§ **GOAL OF THE EXERCISE**
The records follow. Transcribe only the lines from the line containing "Vitrina con mueble almacenaje" through the end, both ends included, and leave out the pictures.

##############################

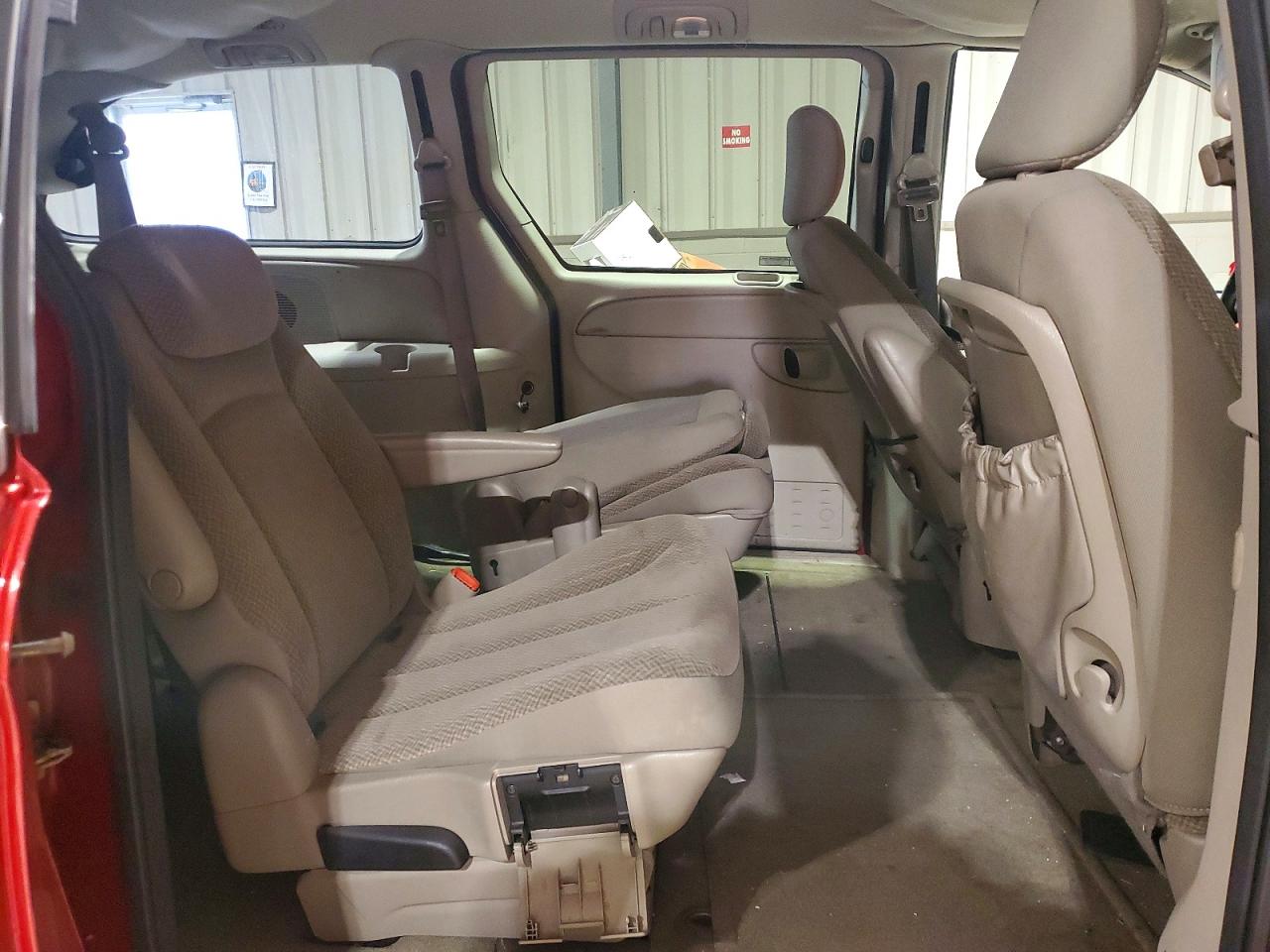 2005 CHRYSLER MINIVAN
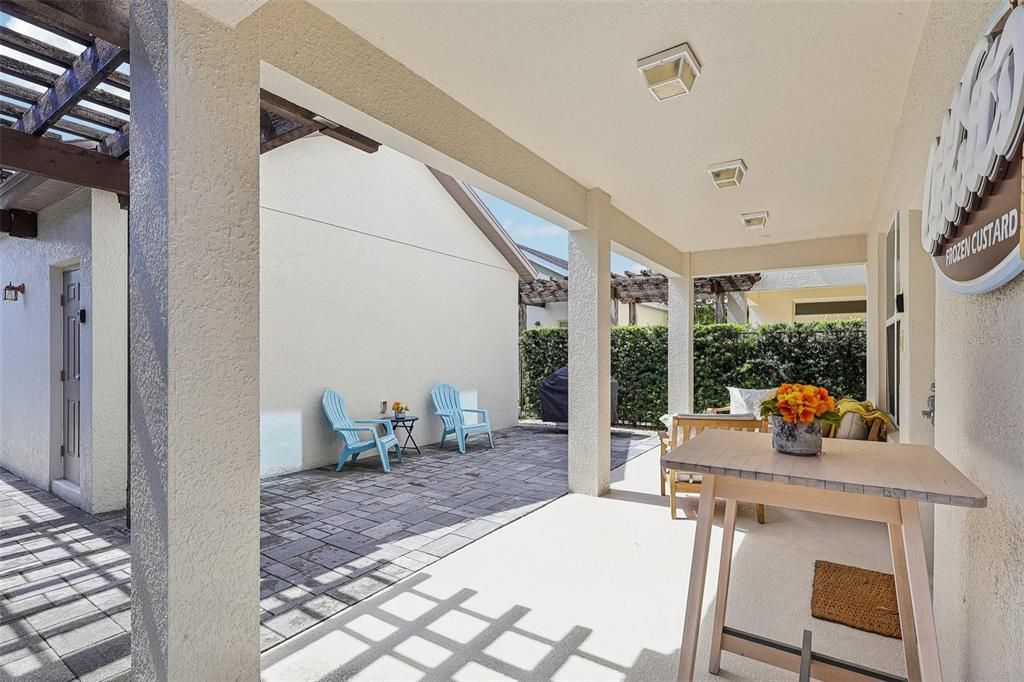 For Sale: $550,000 (3 beds, 2 baths, 1984 Square Feet)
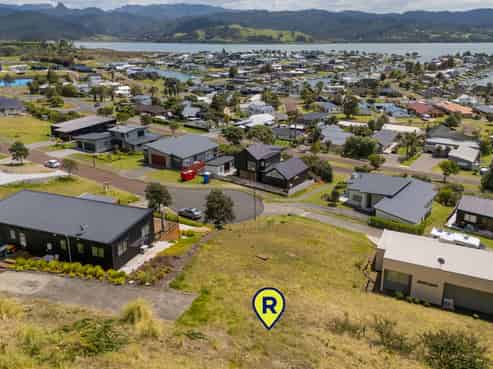 58 Panorama Parade, Pauanui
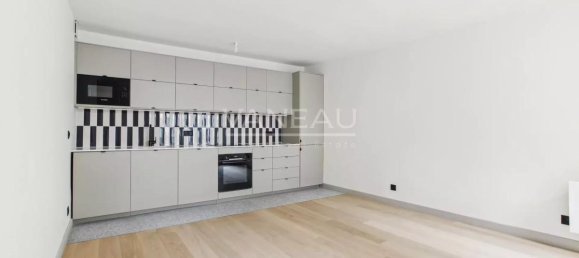 2 bedrooms Apartment in Paris, France No. 149095 3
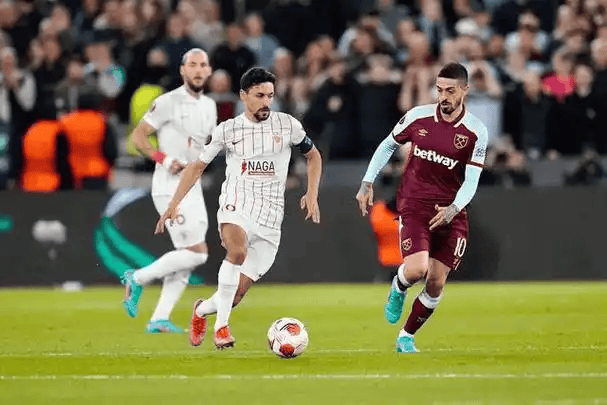 包含皇家马德里伤情更新备战荷甲今夜波特兰开拓者内部沟通，费耶诺德外线爆发直接炸裂的词条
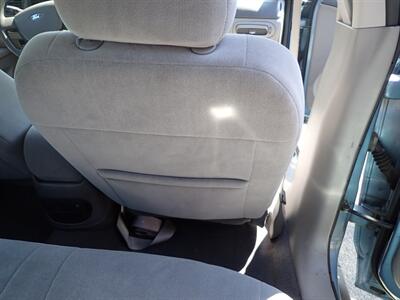 2005 Ford Taurus SE   - Photo 30 - Uniontown, PA 15401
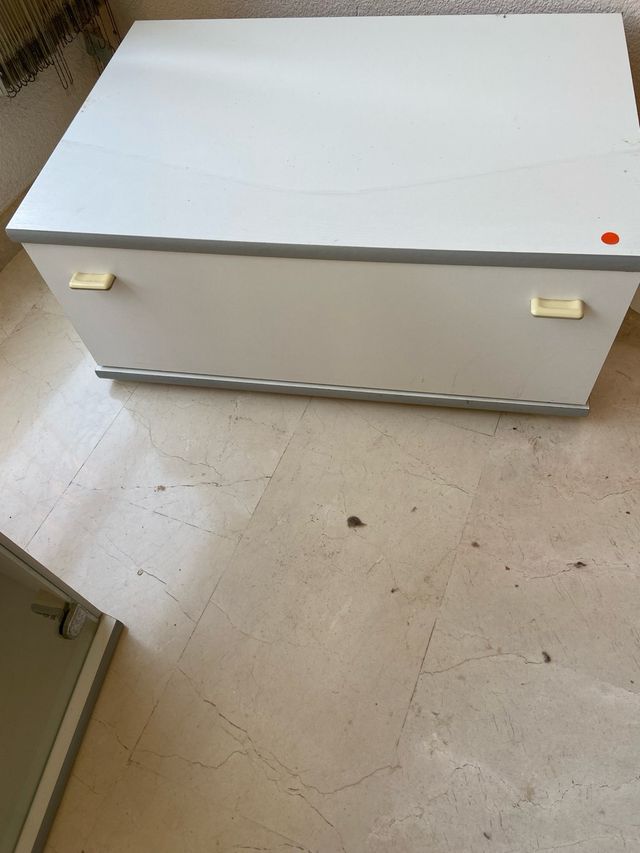 Vitrina con mueble almacenaje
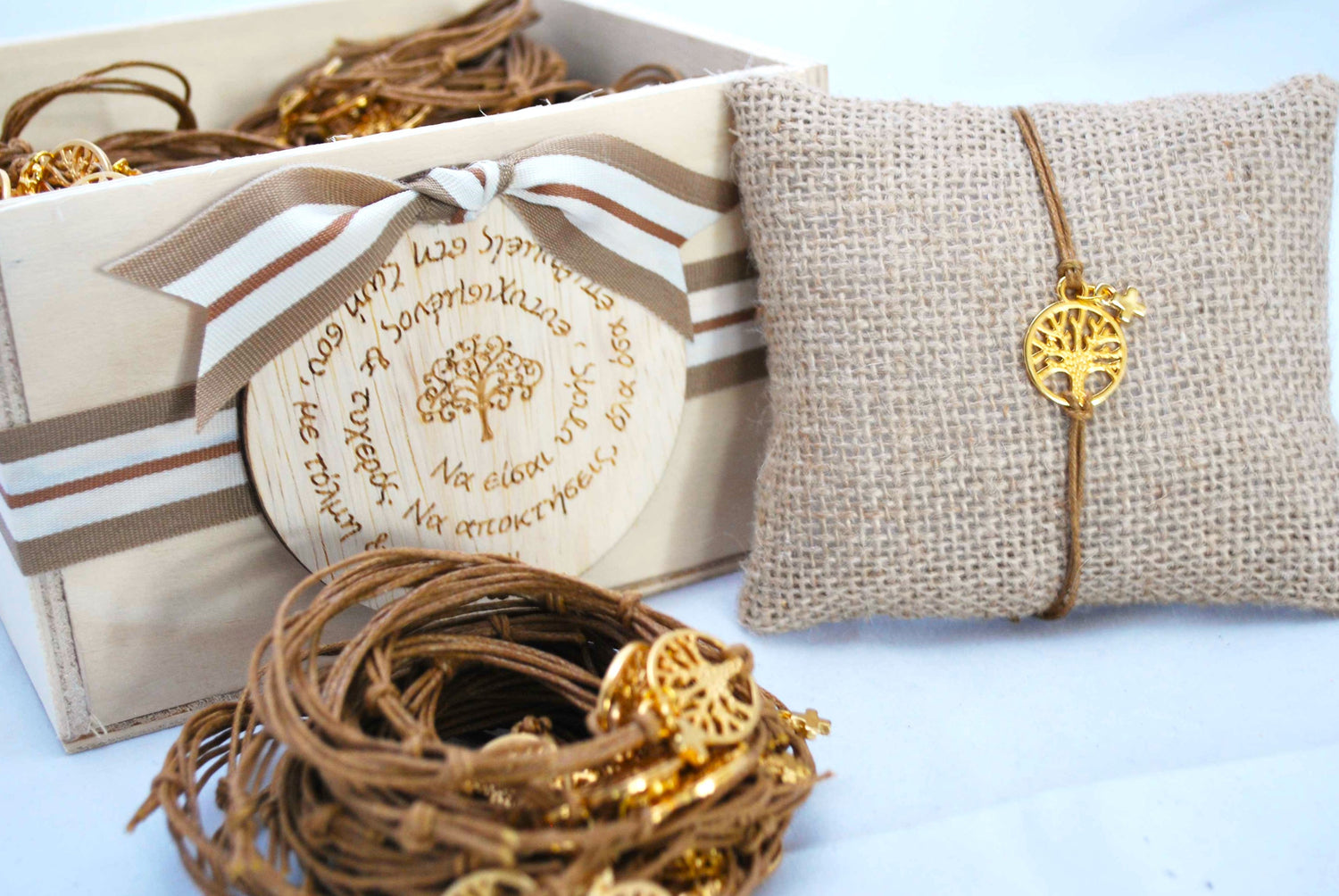 Μαρτυρικό Δέντρο Ζωής με Χρυσό Στοιχείο και Minimal Σταυρό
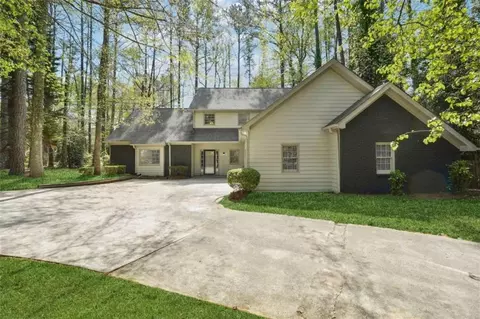 536 Mosswood Shls, Stone Mountain, GA 30087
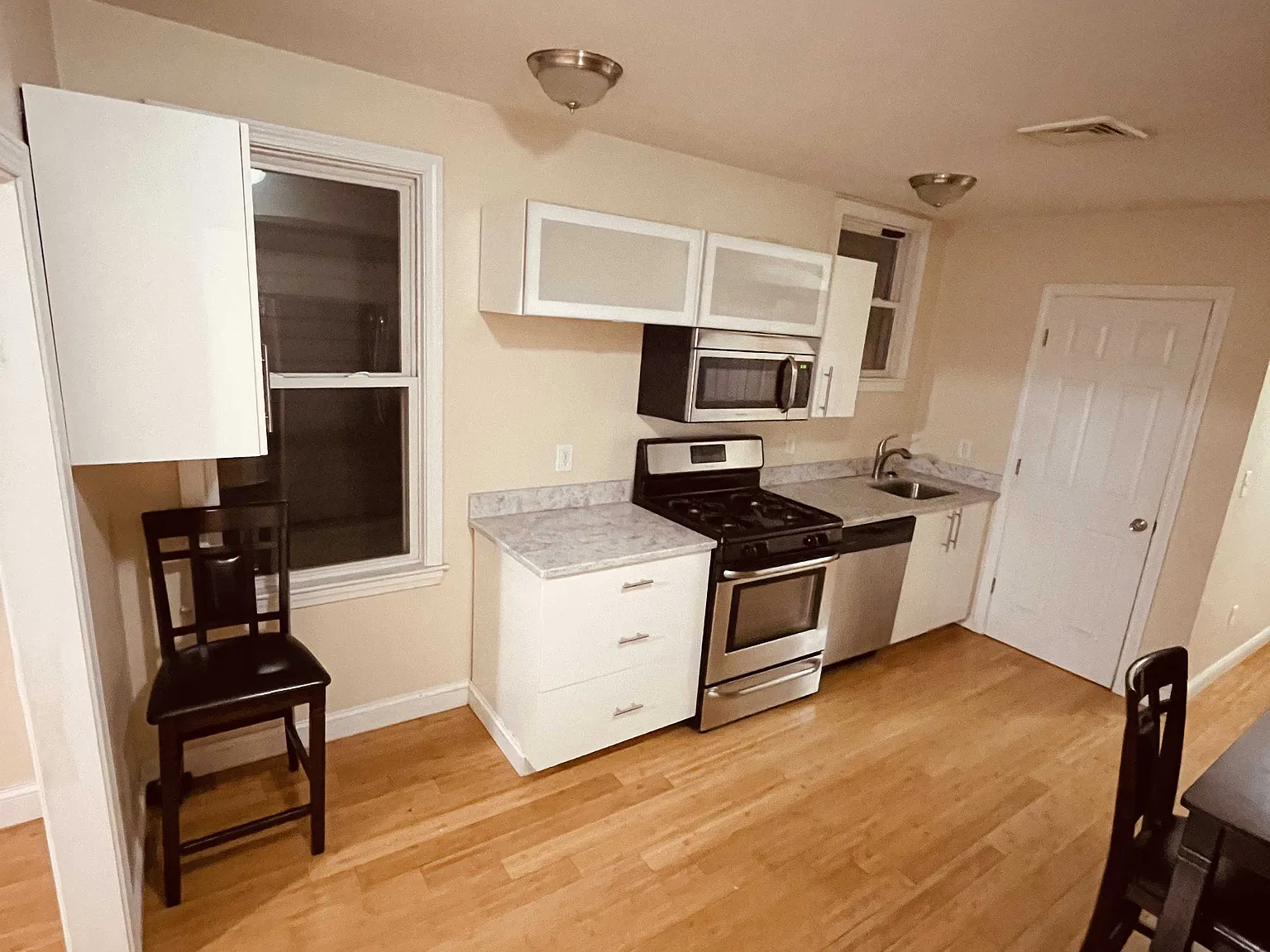 3 bed, $2,600 — Photo 4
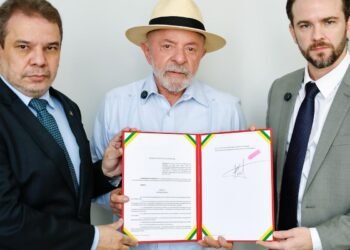 Lula assina decreto que prevê bloqueio de recursos de bets ilegais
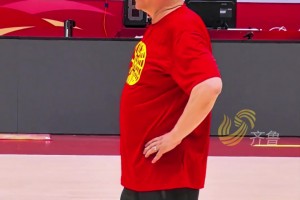 中国女篮赛前训练 获主教练宫鲁鸣允许 张子宇再演扣篮绝技！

##############################

§ **ANSWER**
 Vitrina con mueble almacenaje
 Μαρτυρικό Δέντρο Ζωής με Χρυσό Στοιχείο και Minimal Σταυρό
 536 Mosswood Shls, Stone Mountain, GA 30087
 3 bed, $2,600 — Photo 4
 Lula assina decreto que prevê bloqueio de recursos de bets ilegais
 中国女篮赛前训练 获主教练宫鲁鸣允许 张子宇再演扣篮绝技！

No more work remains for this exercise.